Boomer Icon #9,439

Monday, August 11th, 2008 at 7:25 pm

Isaac Hayes is the perfect example of how our celebrity reductionist society does grave injustice to a long, multi-faceted career. Despite having impact on generation after generation that runs deep and wide there’s no doubt that most of us will remember for whatever that impact looked like at the time we came of age. It doesn’t help that the inter-generational impression ranges from the sublime (”Soul Man”, “Shaft”) to the ridiculous (voice of “South Park”’s Chef), from the earnest troubled narrator of “If Something is Wrong With My Baby” to the flamboyant high-pimpin Playboy magazine spread showing him eating Hors d’Oeuvres off the stretched naked bodies of the girls next door.

Hayes’ music career (and talent, it seems) was over long before he was found next to his still-running treadmill in his home gym the other day.
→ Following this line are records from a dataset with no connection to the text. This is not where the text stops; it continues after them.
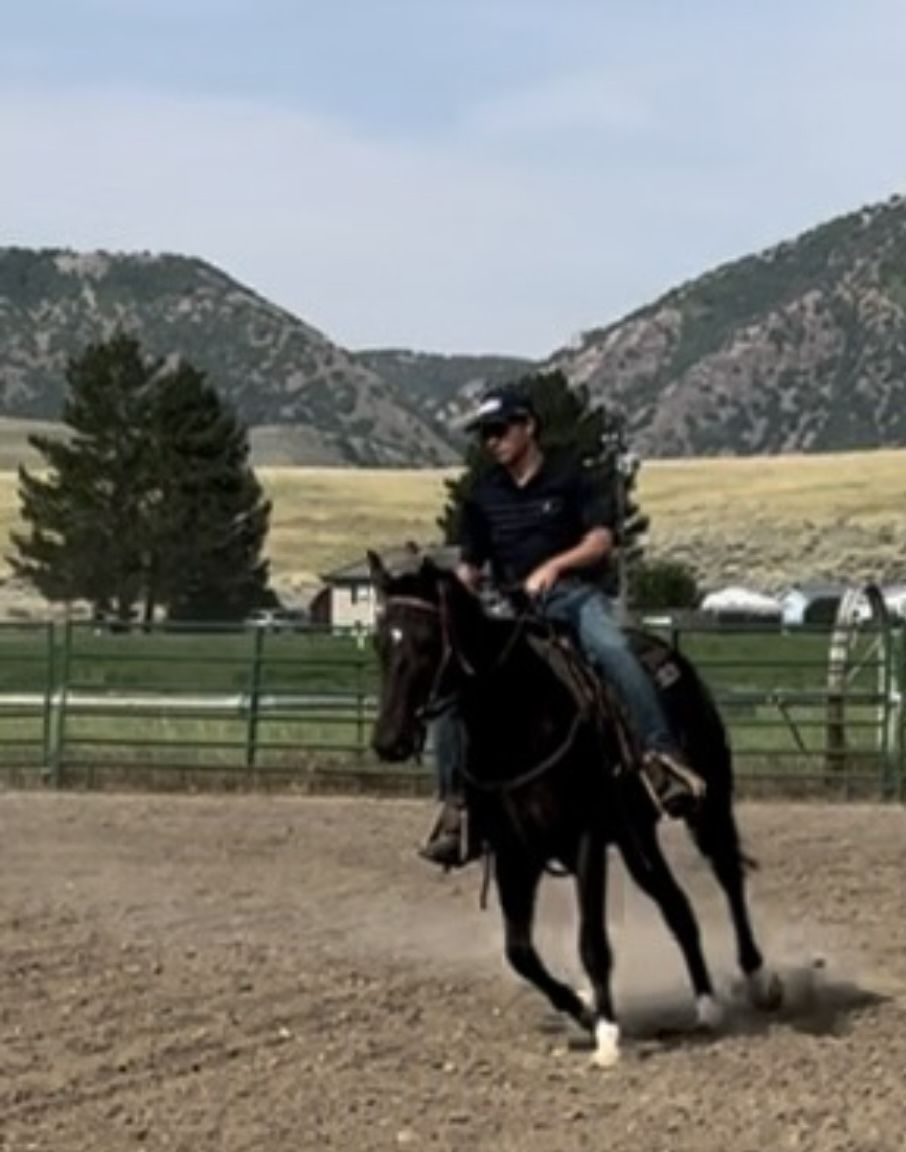 7 Year Grade Quarter Horse Gelding 15.2 H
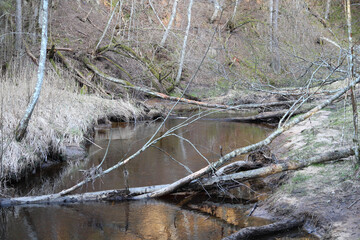 Beautiful nature at day in the misty spring, wild forest. Beautiful forest in Latvia, Europe. 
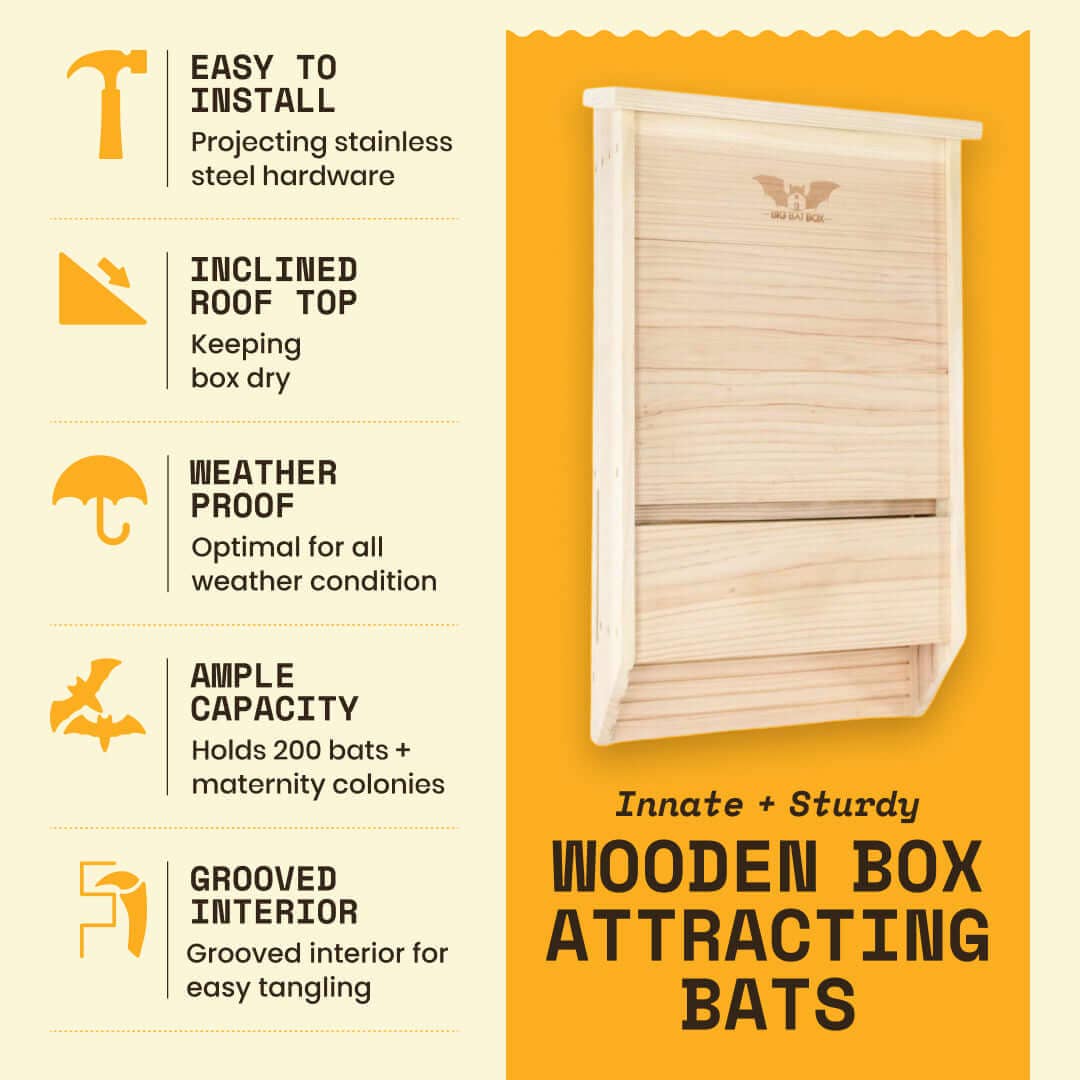 Big Bat Box – Großhandel Vogelhäuser – Drei-Kammer-Fledermaushaus – Premium-Zedern-Fledermauskasten (Zeder)3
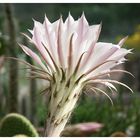 Echinopsis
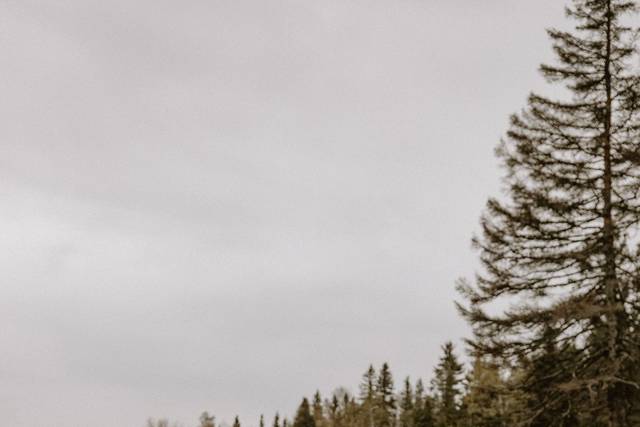 North Shore Engagement Session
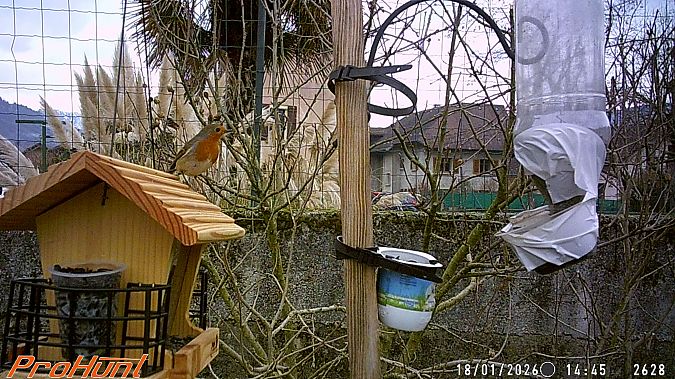 Rougegorge familier  - Frere Baptiste
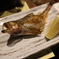 秋田県魚・ハタハタ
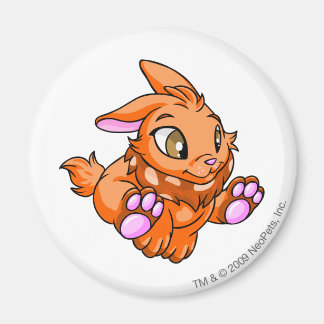 Íman Cybunny Orange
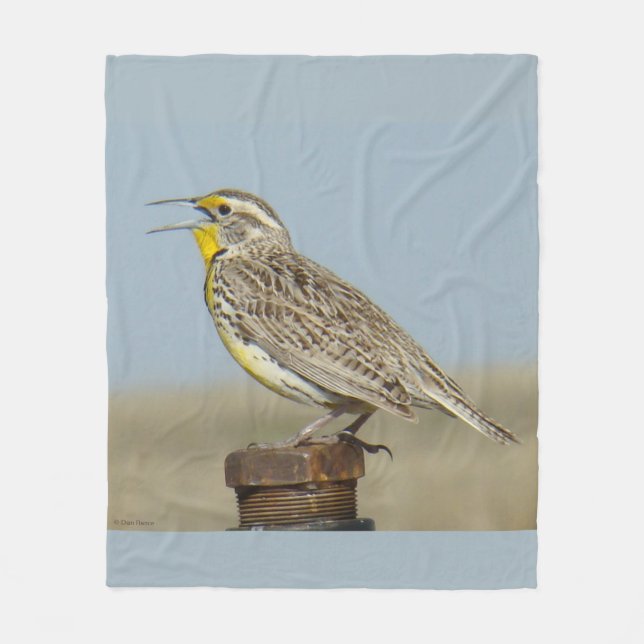 B6 Western Meadowlark Fleecedecke (Vorderseite)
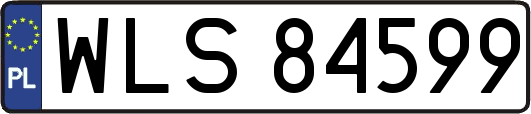 WLS84599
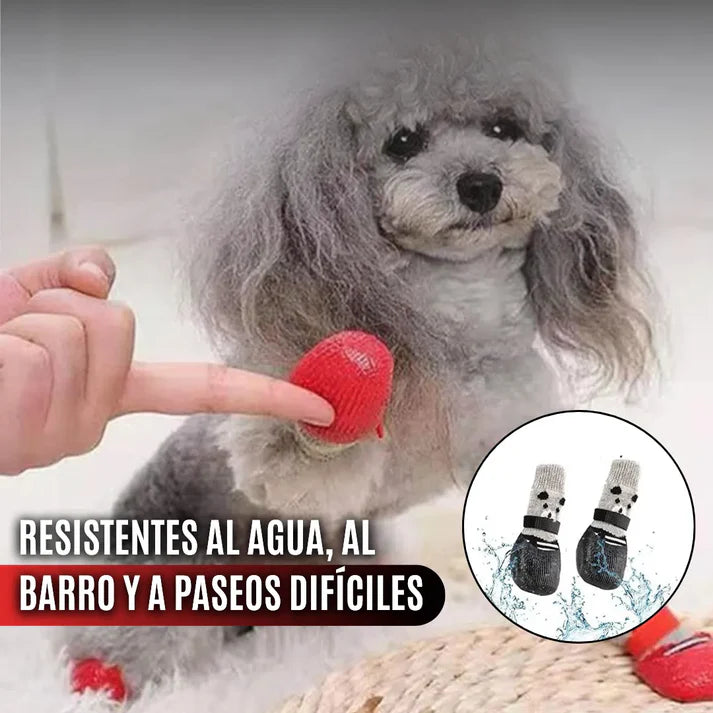 zapatos en silicona perros talla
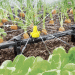 Maximizing Water Efficiency: How Drip Irrigation Systems Can Save Water and Boost Crop Yields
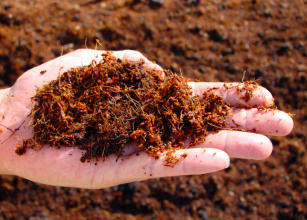 Imagem de Tecnologia para biodegradação da casca do coco seco e de outros resíduos do coqueiro
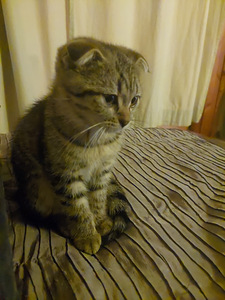 Sekarotuinen tyttökissa (4 valokuva sivusta 4)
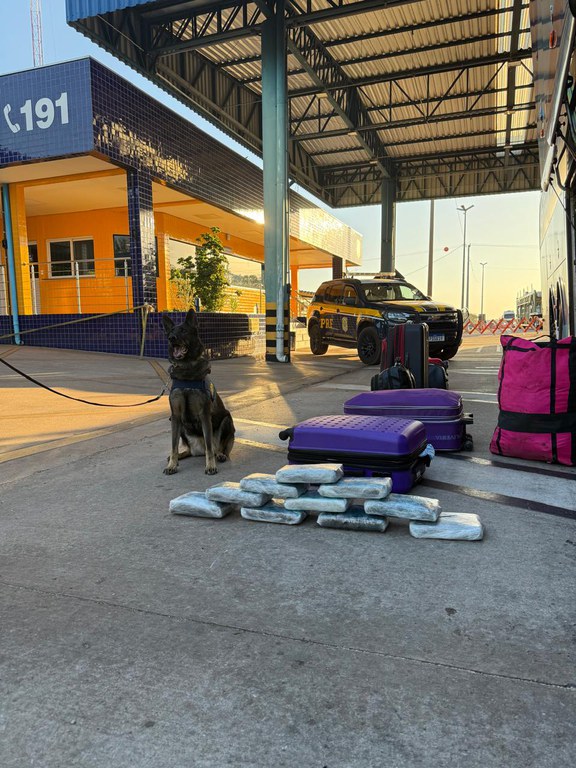 Mulher é presa com 10 tabletes de maconha em ônibus na BR-364, em Cuiabá
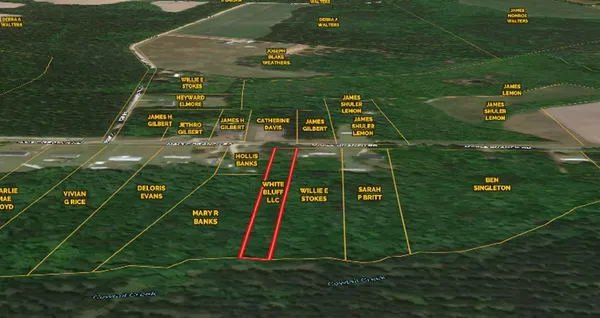 $11,000 | 0 Maple Branch Road, Unit ROAD, Reevesville, SC 29471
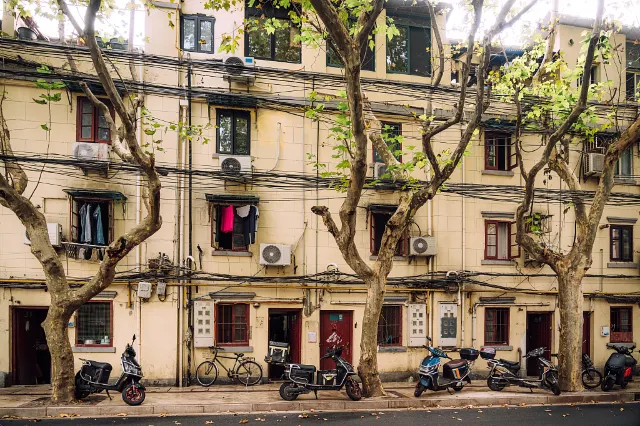 Shanghai Former French Concession street lined with sycamore trees
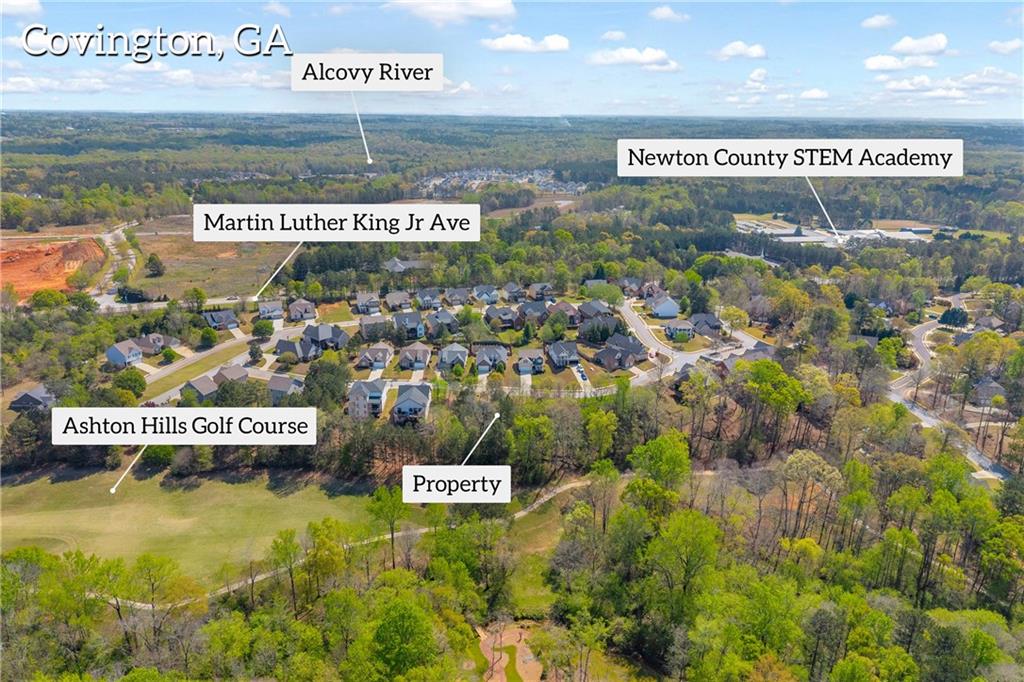 9147 Golfview Lane Covington, GA 30014 - Photo 8 of 19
His feeble attempts at reviving it after his split with “South Park” was heart-breaking to those of us who recognized him for a musical genius as well as master showman. His singular ability to turn sex into rhythmic, harmonic sound is what I have missed the most.

Comments...

  1. jp Says:

    He sure was a conflicted man, and often solved his problems in public. James Brown too. I suppose you can pick out any IH period as “the best”. I like his Stax writing and playing, a lot more than the Shaft Schtik, which always sounded like 2nd rate Norman Whitfield. Ok, shoot me. But I really agree with you here Victor (oh oh) about his later career, especially the South Park thing. What a real legacy this man has, even if he never did anything post Stax..and he’s memorialized by the teewee gnus clowns as “the guy who did the voice of the chef”. Made me really sad.